Janeiro e fevereiro de 1919 devem ter sido os meses mais confusos de toda a política republicana: as terríveis consequências socioeconómicas e mentais da Primeira Guerra Mundial ainda eram muito vivas, a pneumónica ainda ceifava milhares de vidas e o “Presidente-Rei”, Sidónio Pais, o caudilho messiânico, acabara de cair assassinado, criando um chorado vazio de poder e abrindo a porta a todos os pretendentes ao dia seguinte: os restos do sidonismo, o republicanismo de antes de 1918 redivivo… e os monárquicos, que durante meses tinham “flirtado” com o sidonismo, na esperança, vã, de que Sidónio (lhes) restaurasse o trono.

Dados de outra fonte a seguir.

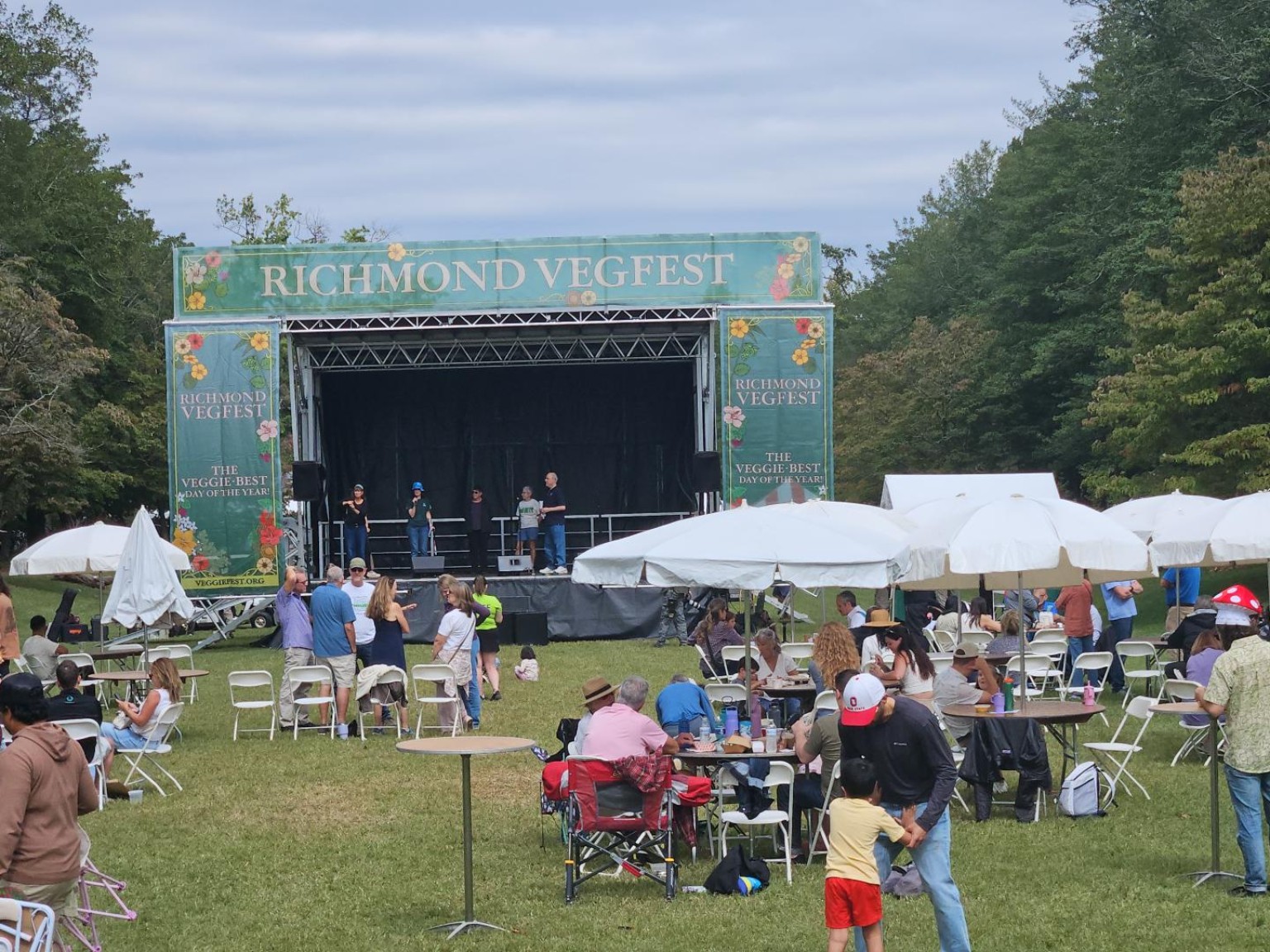 A main-stage gathering space with people sitting and moving through the festival lawn.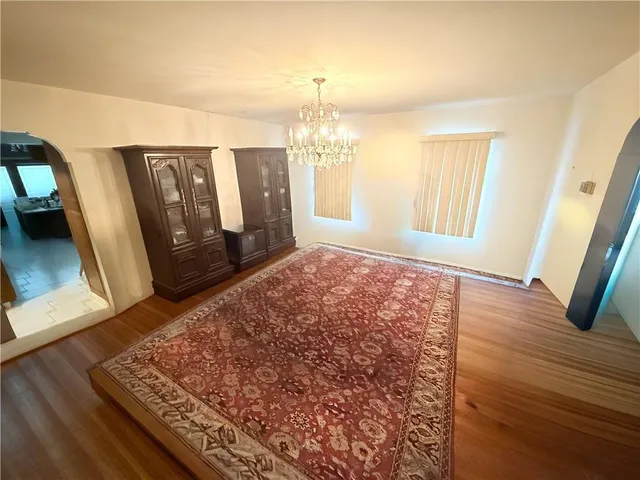 a view of a big room with chandelier and closet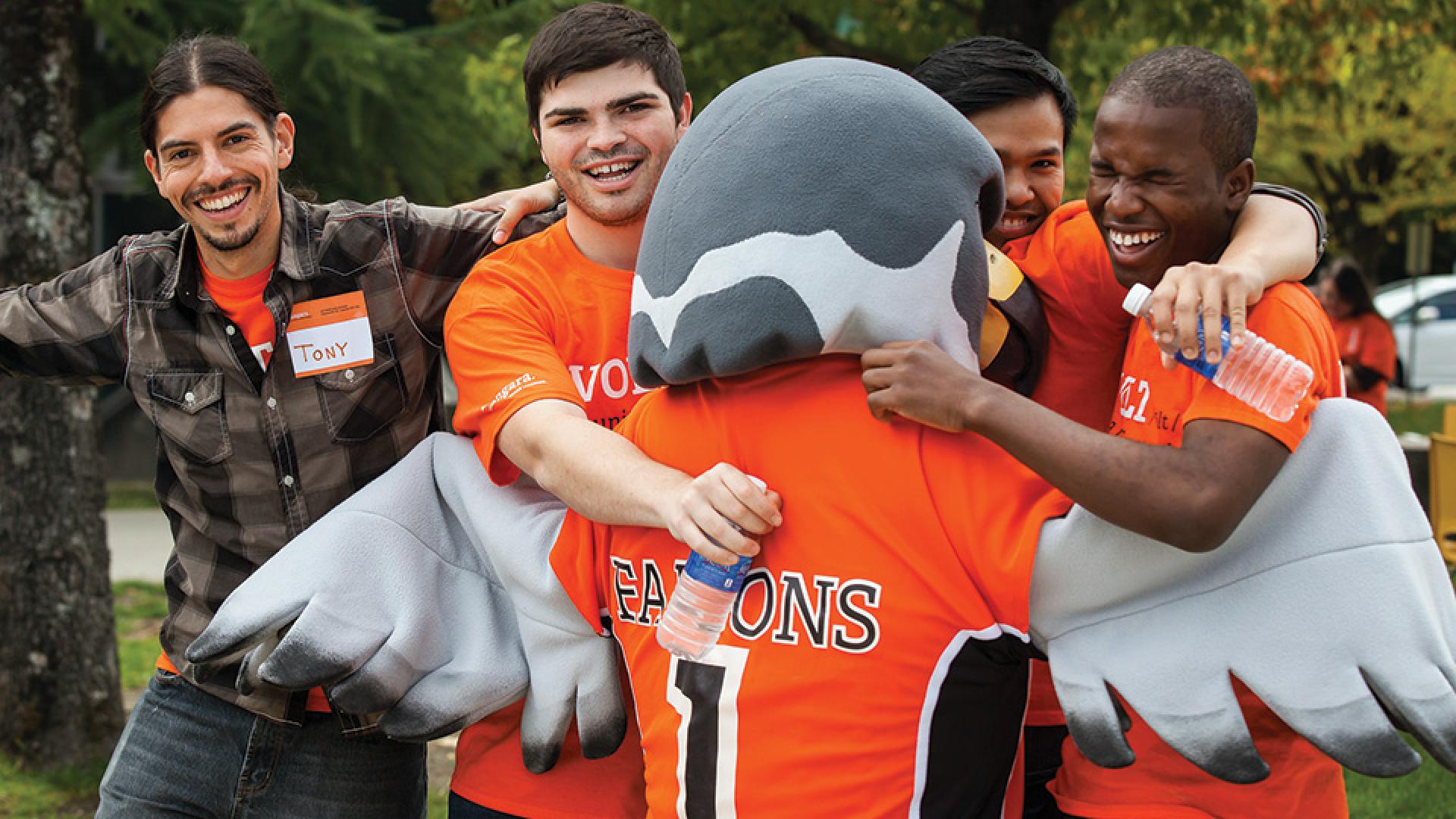 Students joyfully embracing the vibrant Langara Mascot, sharing smiles and a sense of community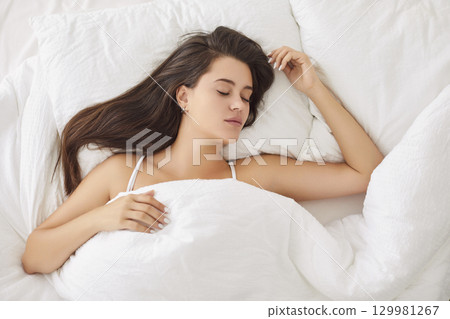Peaceful Caucasian woman sleeping comfortably in bed with soft pillow and blanket early in morning. 129981267
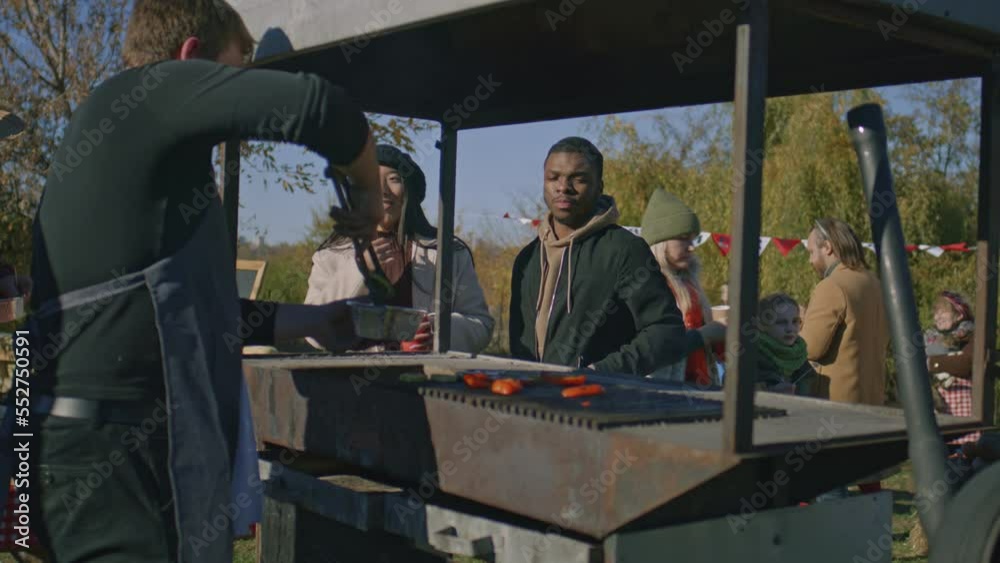 Multi ethnic family trying food cooked on grill. Adult man takes off ready to eat vegetables and put a portion on plate. Weekend on local farmers market. Multi ethnic family trying food cooked on grill. Adult man takes off ready to eat vegetables and put a portion on plate. Weekend on local farmers market.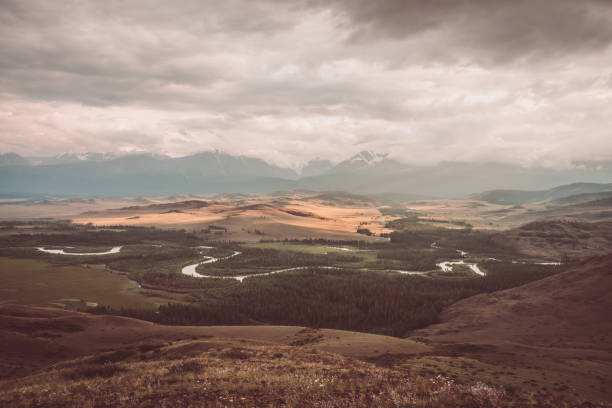 paysage vintage avec vaste plateau avec rivière de montagne et forêt sur fond de crête de montagne enneigée sous un ciel nuageux. vallée de montagne et chaîne de montagnes parmi les nuages bas dans des tons sépia et délavés. - russia river landscape mountain range photos et images de collection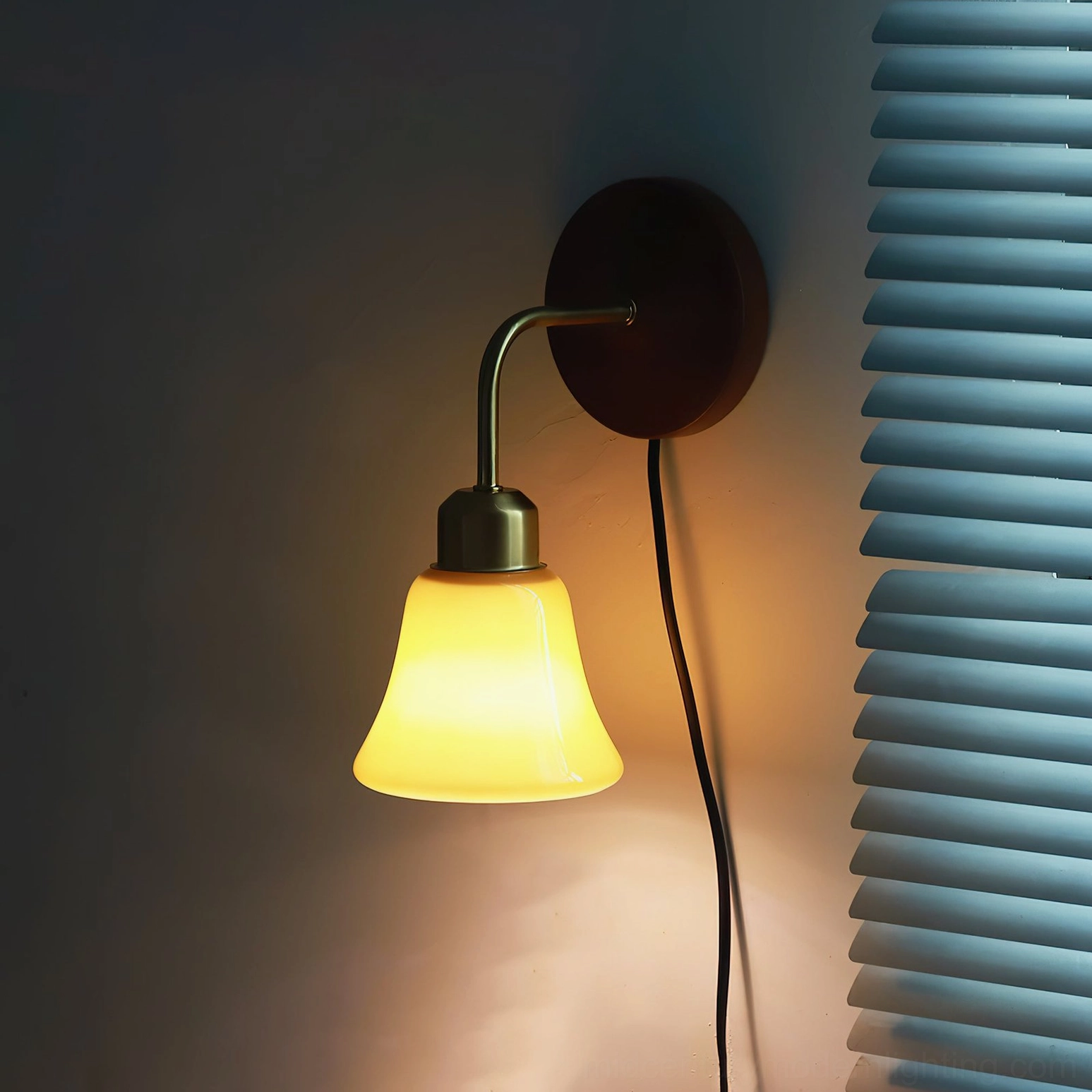 Daphne Pastel Wall Sconce illuminated side view casting warm yellow ambient glow against dark blue louver blinds, demonstrating soft lighting quality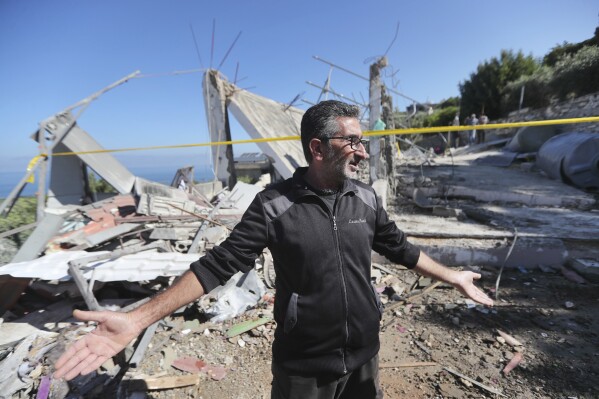 A Lebanese man gestures as he inspects a destroyed house that was hit on Friday night by an Israeli airstrike, killing one woman and wounding several other people, in the southern village of Adloun, Lebanon, Saturday, June 1, 2024. The militant Hezbollah group shot down Saturday an Israeli Hermes 900 Kochav drone over south Lebanon, after hours of Israeli drones strikes that killed at least one person and wounded others. (AP Photo/Mohammad Zaatari)
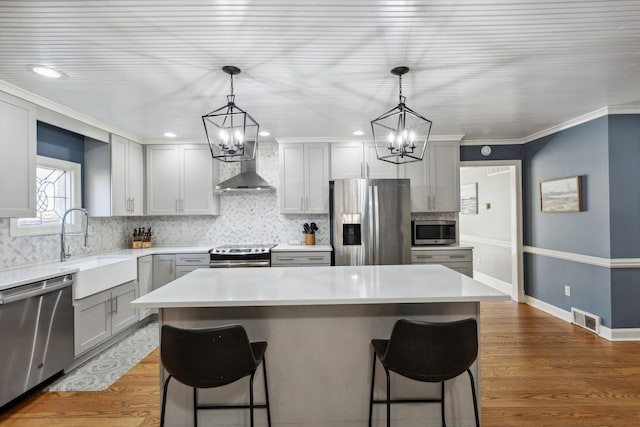 kitchen featuring visible vents, wall chimney exhaust hood, a breakfast bar, stainless steel appliances, and a sink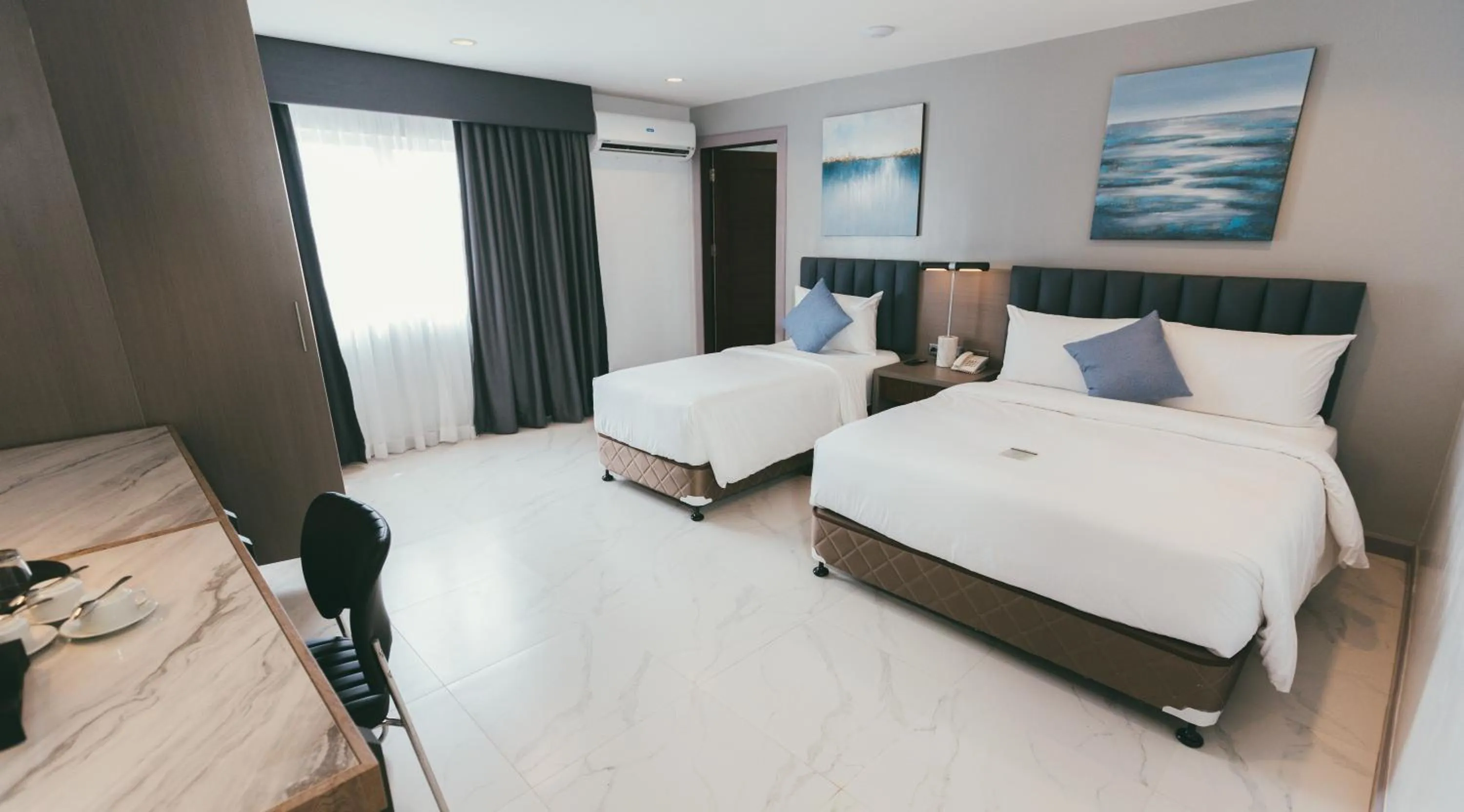 Bed in NS Royal Hotel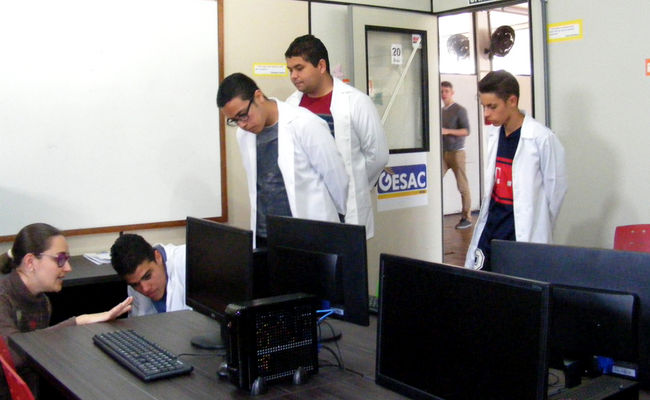 Em uma sala com computadores, quatro alunos em pé e de jalecos brancos, vistoriam a sala
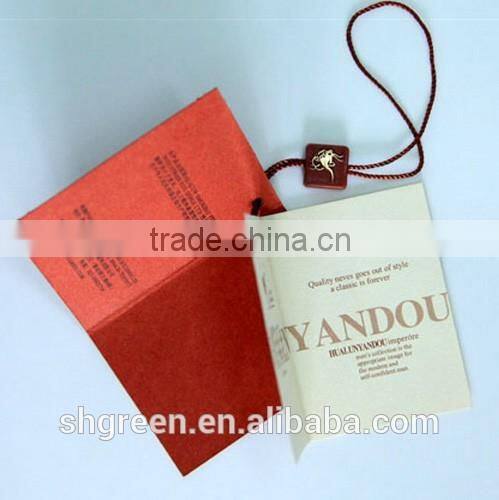 Center fold paper hangtag with plastic string tags for jeans denim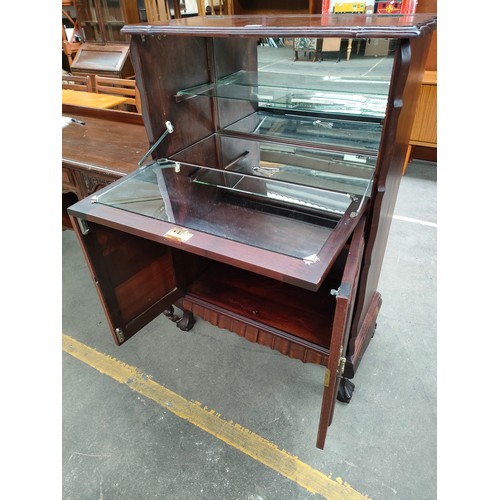 128a - Reproduction Antique style cocktail cabinet with fitted shelves.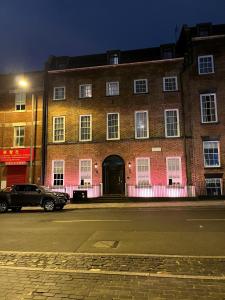 a large brick building with a black car parked in front at Duke Street Townhouse in Liverpool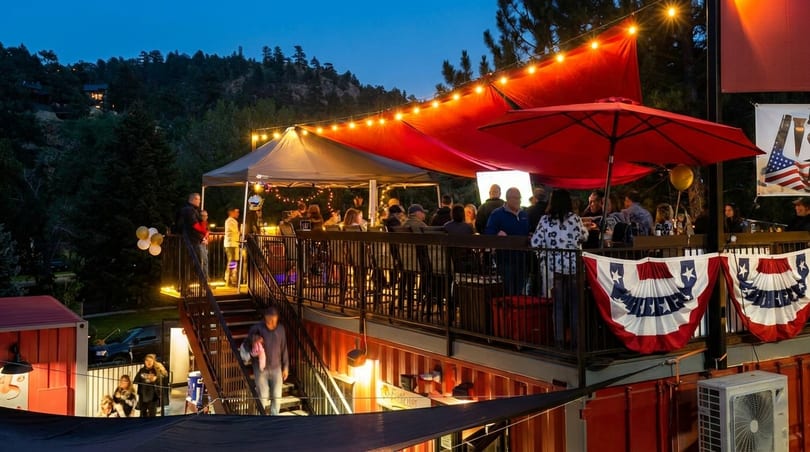 Outdoor restaurant patio at dusk with string lights, red awnings, and people socializing.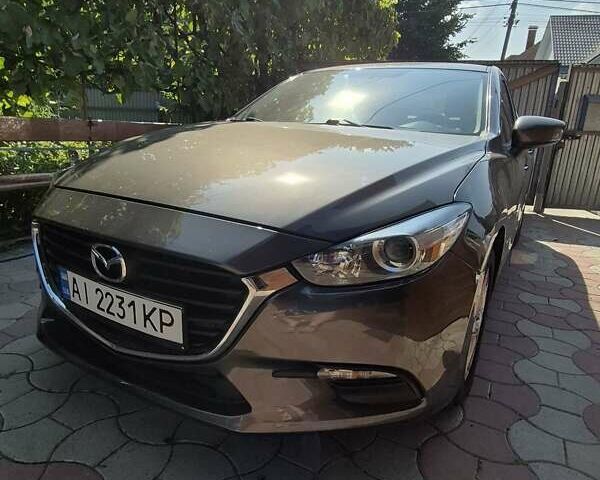 Коричневый Мазда 3, объемом двигателя 2 л и пробегом 79 тыс. км за 14500 $, фото 4 на Automoto.ua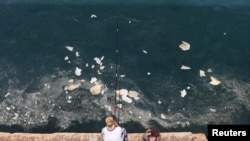 FILE - A fisherman dangles his line to catch fish in polluted water off Beirut's seaside Corniche, Lebanon, June 23, 2019. 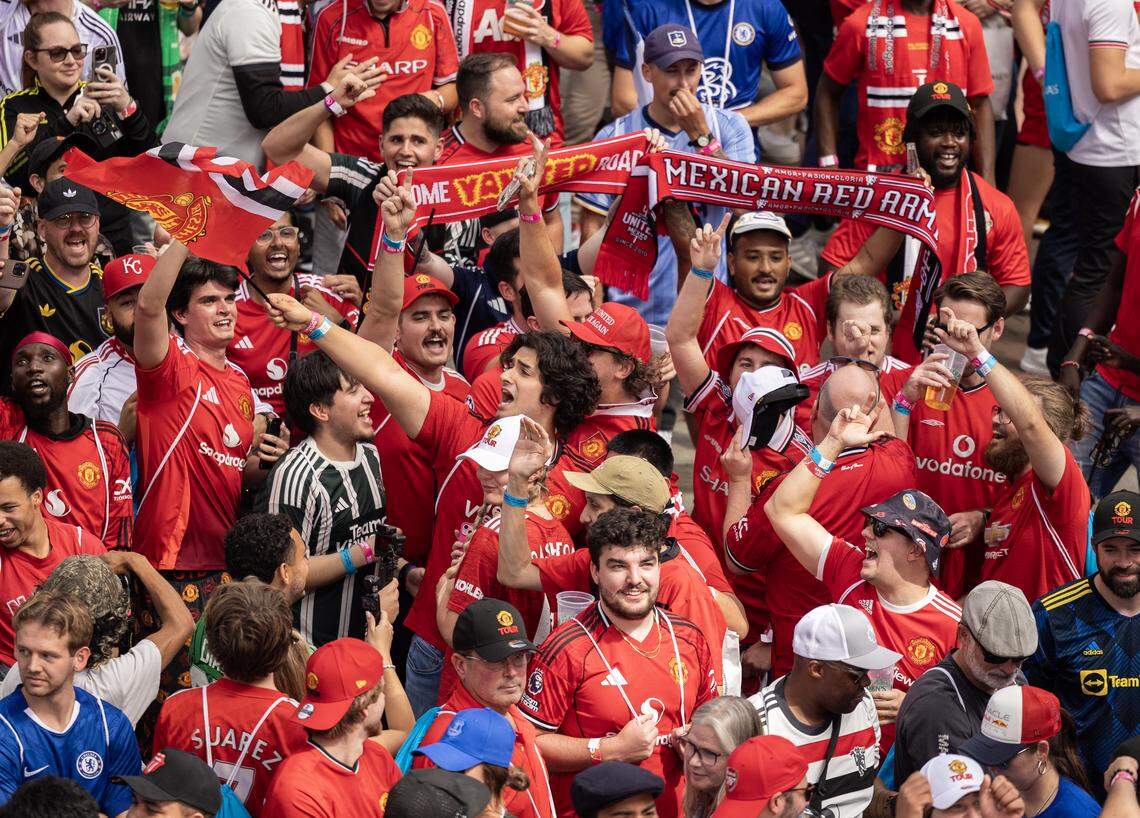 Manchester United fans celebrate in Kansas City’s Power & Light District on Saturday, Sept. 20, after watching their team beat Chelsea, 2-1.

Henrique Paiva Couceiro já o tinha tentado, a partir da Galiza, através de duas “incursões monárquicas” em Portugal, em 1911 e 1912. Depois viera o “afonsismo” e o largo monopólio do republicanismo jacobino de Afonso Costa sobre o regime. Em reação, o anti afonsismo de Sidónio voltou a enchê-los de esperança, até perceberem que o antigo embaixador português em Berlim era um presidencialista, mais apostado em construir uma nova República do que em restaurar a velha monarquia.
A Sidónio sucedeu, em Belém, Canto e Castro e, na presidência do governo, Tamagnini Barbosa. Era um remendo de sidonismo, tentando navegar entre dois extremos: as juntas militares monárquicas, que espreitavam uma oportunidade, e os velhos republicanos, que espreitavam o regresso ao poder. A 10 de janeiro de 1919, houve pronunciamentos da esquerda republicana em Lisboa, na Covilhã e, o mais forte, em Santarém. Em reação, no dia 19 desse mês, o irrequieto Paiva Couceiro proclamou, no Porto, a restauração da Monarquia, um arremedo de um Portugal novo que, nos dias seguintes, se alargou à linha do Vouga. Em Lisboa, multidões de voluntários civis acorreram à chamada às armas contra os manejos da “reação”. E foi esse “bom povo” republicano que realizou a mítica “escalada de Monsanto”, para expulsar, lá do alto, as magras tropas que Aires de Ornelas, o lugar-tenente de D. Manuel II, ali juntou, em solidariedade e ligação com o pronunciamento nortenho, hasteando a bandeira azul e branca a 23 de janeiro. Os monárquicos de Lisboa baquearam no dia seguinte, 24. A 13 de fevereiro, o capitão Sarmento Pimentel derrotou a monarquia portuense, pondo fim aos 25 dias do que os críticos chamaram “o reino da Traulitânia”.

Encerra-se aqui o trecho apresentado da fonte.